It’s been a busy week for entertainment news — so here’s what we covered this episode with links to confirming stories.
- Why are television stations willing to cancel their most praised shows? Perhaps because, as a new study shows, nobody’s watching the commercials. Most of the Emmy nominees are caught on DVR and watched without commercials.
- Speaking of deserving shows, The Big Bang Theory is doing quite well in the ratings, thank you very much.
- General not-nice-guy and rape apologist Tucker Max opened I Hope They Serve Beer in Hell in limited release this past weekend. And by limited we mean “Chicago.” Having failed to sell the film to a foreign distributor, Max is encouraging folks outside the U.S. to pirate the movie. Oh — and, by the way, I Hope They Serve Beer in Hell is in the exclusive fraternity of movies that rated “no stars” from the Chicago Tribune.
- Michael Lynne, formerly of New Line Cinema, recommends that independent filmmakers stay independent.
- This is It burns up ticket presales, setting records worldwide. Perhaps because it stars that Michael Jackson fella.
- Barbie is headed for the big screen. For that matter, so is He-Man (again). Toys and boardgames are the new video games. Nobody tell Uwe Boll.
- David Cronenberg’s The Fly will be getting the remake treatment from… David Cronenberg? Huh. That’s a new tactic.

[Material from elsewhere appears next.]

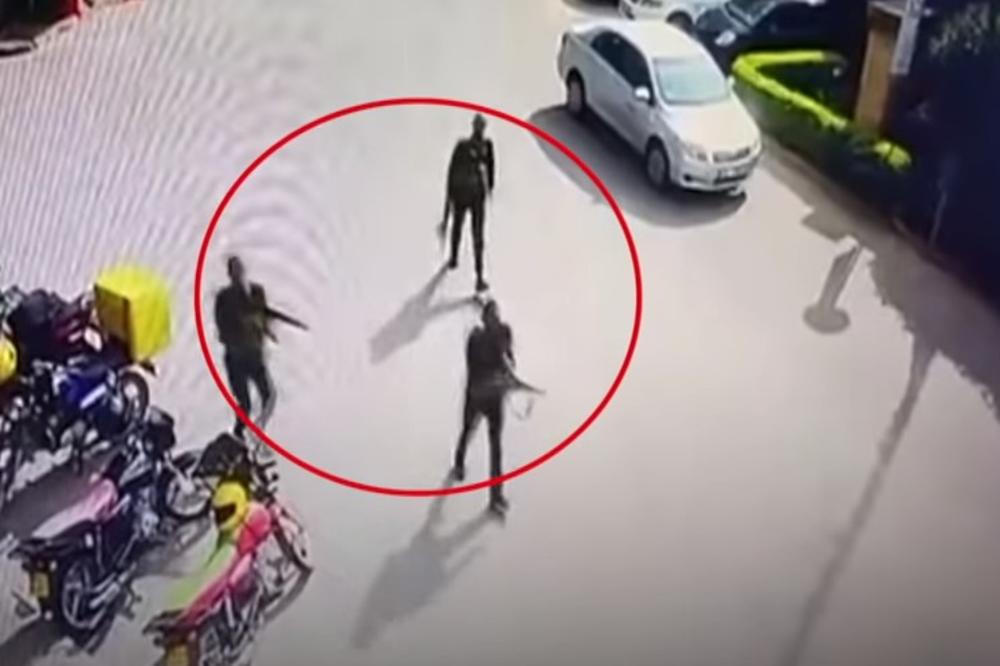 OVAKO JE POČEO KRVAVI NAPAD U NAJROBIJU: Kamera snimila teroriste kako ulaze u luksuzni hotel, a onda je počeo pakao (UZNEMIRUJUĆI VIDEO)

- Katie Couric is paid more in a year than the entire budget of NPR’s All Things Considered and Morning Edition. Combined. Because, y’know, it’s the U.S. of A, and nothing can be publicly funded.

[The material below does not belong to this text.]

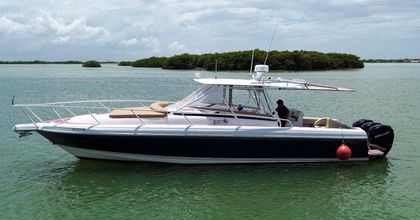 37' Intrepid 2001 Yacht For Sale
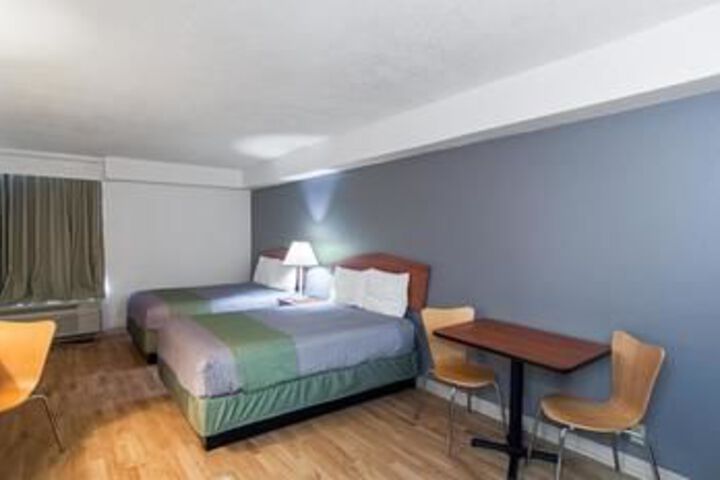 Room 11 of 35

- Remember J.K. Rowling? Wrote a little series about a boy wizard that got American kids to actually be interested in books? Turns out she was considered for a Presidential Medal of Freedom. The George W. Bush administration decided not to, however, over fears that her books might promote magic and witchcraft.
- In Overtime: We wanted to mention this story — we even titled the show after it — but it slipped out of the regular broadcast. So in the archived show, you can hear us talk about the now infamous video of Hugh Jackman and Daniel Craig being interrupted in the middle of a stage performance by a cell phone, as well as Whoopi Goldberg’s response on The View.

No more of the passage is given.